Abstract
Objectives
Speech intelligibility is severely affected in children with congenital profound hearing loss. Hypernasality is a problem commonly encountered in their speech. Auditory information received from cochlear implants is expected to be far superior to that from hearing aids. Our study aimed at comparing the percentages of nasality in the speech of the cochlear implantees with hearing aid users and also with children with normal hearing.
Methods
Three groups of subjects took part in the study.
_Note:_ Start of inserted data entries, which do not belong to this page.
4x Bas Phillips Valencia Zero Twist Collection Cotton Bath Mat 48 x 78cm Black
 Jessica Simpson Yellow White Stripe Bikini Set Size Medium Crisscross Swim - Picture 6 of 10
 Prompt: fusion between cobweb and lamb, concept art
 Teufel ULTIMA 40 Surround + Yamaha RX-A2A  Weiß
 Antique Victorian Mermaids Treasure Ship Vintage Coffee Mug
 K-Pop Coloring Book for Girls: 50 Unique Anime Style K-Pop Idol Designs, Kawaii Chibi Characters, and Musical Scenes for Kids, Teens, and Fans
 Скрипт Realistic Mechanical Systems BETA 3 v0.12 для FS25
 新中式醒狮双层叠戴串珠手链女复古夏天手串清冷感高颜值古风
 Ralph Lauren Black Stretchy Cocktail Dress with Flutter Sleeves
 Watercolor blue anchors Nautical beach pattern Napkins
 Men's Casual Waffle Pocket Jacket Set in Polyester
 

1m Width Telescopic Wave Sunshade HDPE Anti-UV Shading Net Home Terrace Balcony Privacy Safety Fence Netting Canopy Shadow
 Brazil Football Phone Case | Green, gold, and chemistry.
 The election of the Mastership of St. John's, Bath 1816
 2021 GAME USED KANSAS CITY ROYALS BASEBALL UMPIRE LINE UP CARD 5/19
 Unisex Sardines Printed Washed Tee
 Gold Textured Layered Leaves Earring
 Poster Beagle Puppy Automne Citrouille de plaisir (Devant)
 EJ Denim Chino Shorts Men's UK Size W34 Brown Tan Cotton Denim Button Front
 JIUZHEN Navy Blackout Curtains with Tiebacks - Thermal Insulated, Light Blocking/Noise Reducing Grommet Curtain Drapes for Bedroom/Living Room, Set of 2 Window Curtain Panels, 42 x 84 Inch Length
Groups I and II comprised 12 children each, in the age range of 4-10 years, with prelingual bilateral profound hearing loss, using multichannel cochlear implants and digital hearing aids respectively. Both groups had received at least one year of speech therapy intervention since cochlear implant surgery and hearing aid fitting respectively. The third group consisted of age-matched and sex-matched children with normal hearing. The subjects were asked to say a sentence which consisted of only oral sounds and no nasal sounds ("Buy baby a bib"). The nasalance score as a percentage was calculated.
Results
Statistical analysis revealed that the children using hearing aids showed a high percentage of nasalance in their speech. The cochlear implantees showed a lower percentage of nasalance compared to children using hearing aids, but did not match with their normal hearing peers.
Conclusion
The quality of speech of the cochlear implantees was superior to that of the hearing aid users, but did not match with the normal controls. The study suggests that acoustic variables still exist after cochlear implantation in children, with hearing impairments at deviant levels, which needs attention. Further research needs to be carried out to explore the effect of the age at implantation as a variable in reducing nasality in the speech and attaining normative values in cochlear implantees, and also between unilateral versus bilateral implantees.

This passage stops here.